**YOUR TASK**
Return all of the data exactly, omitting any images.

**GIVEN DATA**
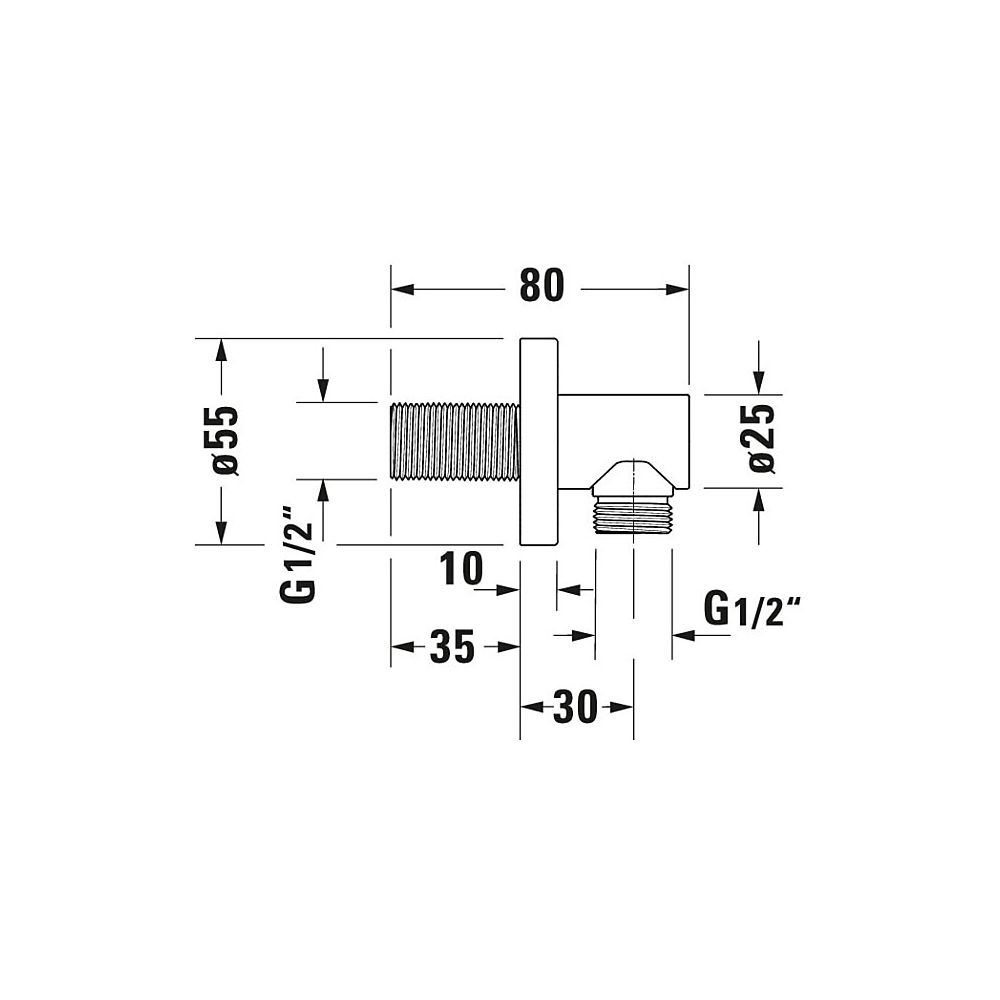 Duravit Wandanschlussbogen 55x80mm, Rund, Mattschwarz, Rosette rund, Rückflussver... DURAVIT-UV0630008046 4063382938145 (Abb. 6)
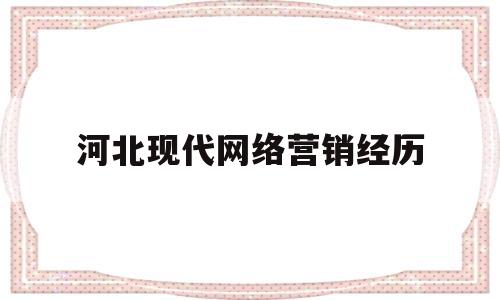 河北现代网络营销经历(国家对网络营销的政策支持)
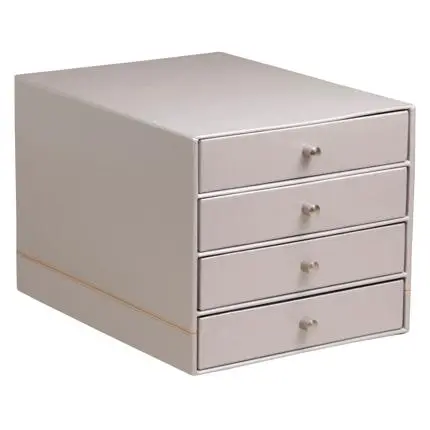 Rhodiarama Box Met 4 Laden In Italiaans Kunstleer 24,8X32,7X22,8 Cm - Zilver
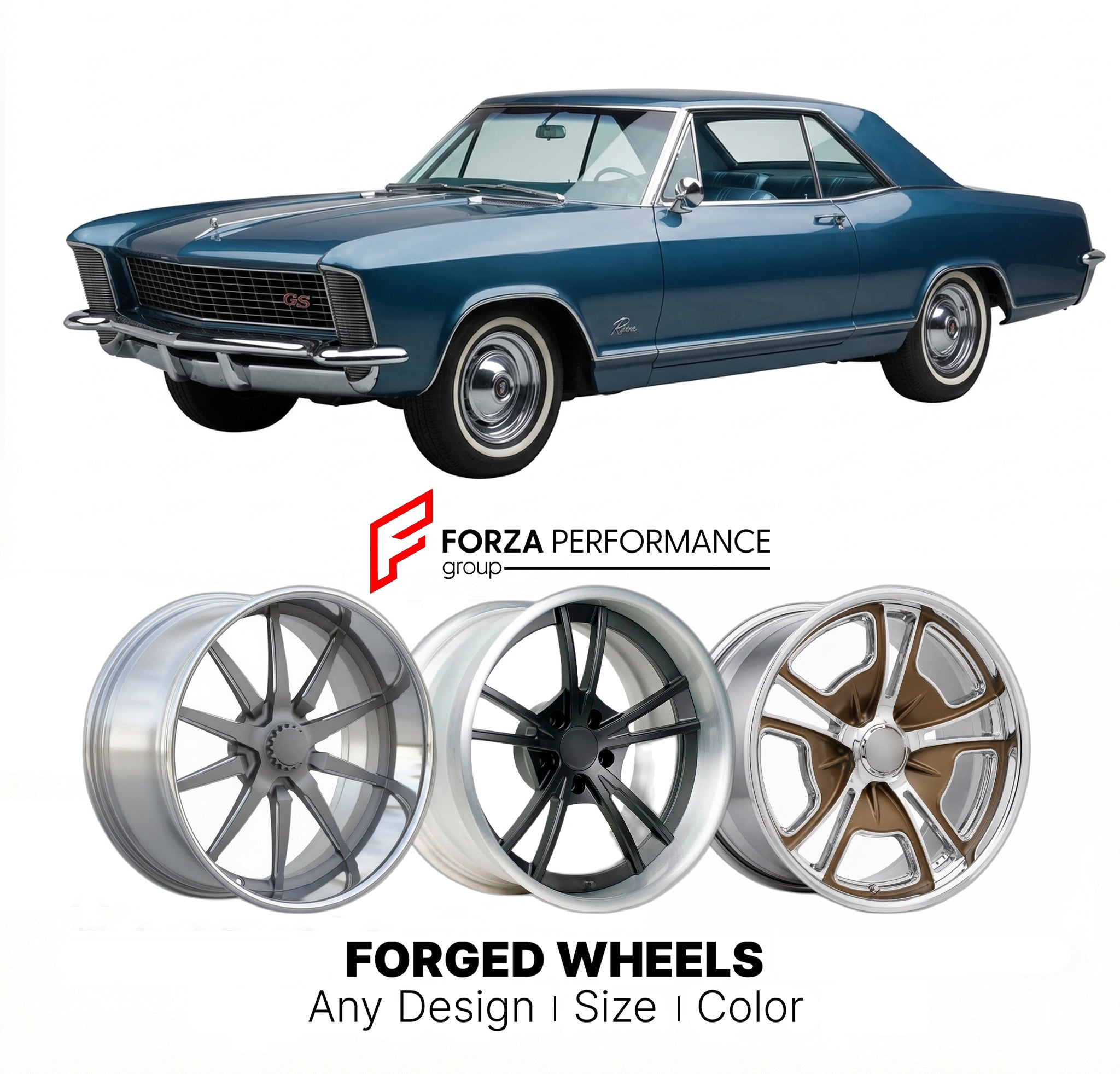 CUSTOM CLASSIC VINTAGE RESTOMOD RETRO OLD SCHOOL FORGED WHEELS RIMS for BUICK RS 1965 - 1968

**RESULT OF THE TASK**
 Duravit Wandanschlussbogen 55x80mm, Rund, Mattschwarz, Rosette rund, Rückflussver... DURAVIT-UV0630008046 4063382938145 (Abb. 6)
 河北现代网络营销经历(国家对网络营销的政策支持)
 Rhodiarama Box Met 4 Laden In Italiaans Kunstleer 24,8X32,7X22,8 Cm - Zilver
 CUSTOM CLASSIC VINTAGE RESTOMOD RETRO OLD SCHOOL FORGED WHEELS RIMS for BUICK RS 1965 - 1968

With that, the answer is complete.